When you’re looking for your next bedtime book, look for something that will interest your child. You can choose books related to their special interests, like tractors or spiders, or you could choose books that relate to experiences your child has had lately, like losing a tooth or visiting the zoo. Whatever it is, find something your child will be into and at an appropriate reading level. (Need help choosing? Any of our librarians would be happy to help!)
Take a look through the book before you start your read aloud. This can help you identify jokes, figure out what kind of voices you want to do, and familiarize you with the plot and the text.

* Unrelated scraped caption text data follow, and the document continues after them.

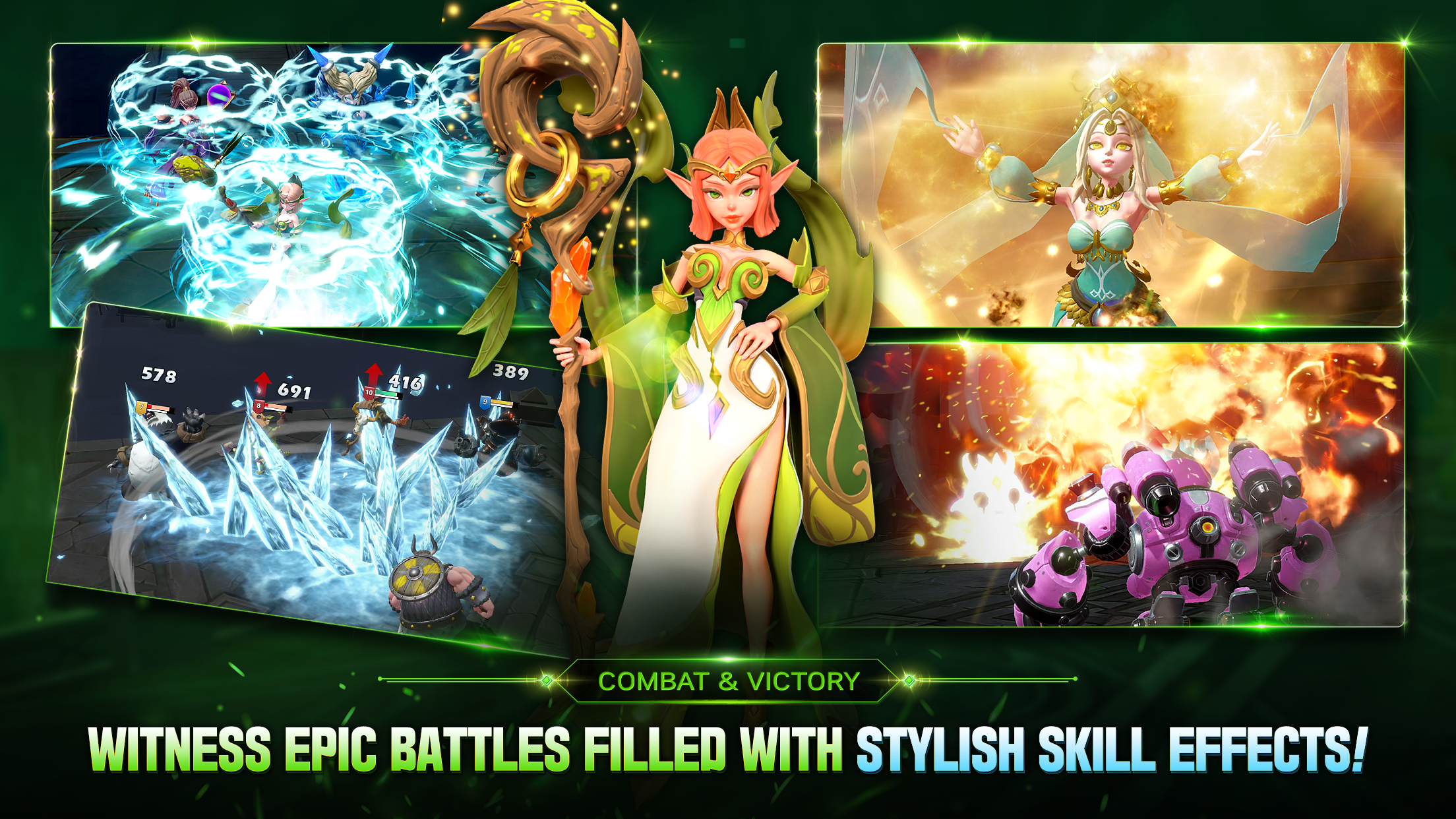 Arcane Saga - Turn Based RPG Game Screenshot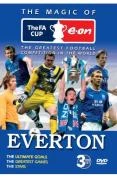 Everton - The Magic Of The FA Cup DVD -  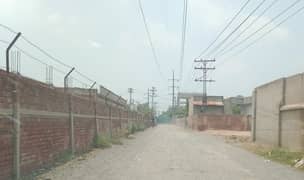 16 kanal Industrial Plot available for sale on Multan road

You don’t have to have an EGOT* to be a good reader. Your child will love reading time because they love spending time with you! But a little vocal expression never hurt anyone. Find places to slow down and speed up, get louder or softer. You can even try out some voices! (I personally love making teeny tiny squeaky mouse voices.)
As you read, follow the text with your finger. Point out specific words that you see, or specific letters that your child might be familiar with. This helps children to understand that you’re reading the words and not the pictures! You can talk about what new words mean and point out when words are BIGGER than others and what that might mean.
You can make read alouds more engaging by asking your child questions as you read. These can be as simple as “What do you think will happen next?” or a little more complex like “What would you do in that situation?” Gear your questions toward your child’s comprehension level (for example, you might ask a three year old “What’s that?” and point to a picture on the page, but you’d probably ask a six year old “What does this remind you of in your own life?”)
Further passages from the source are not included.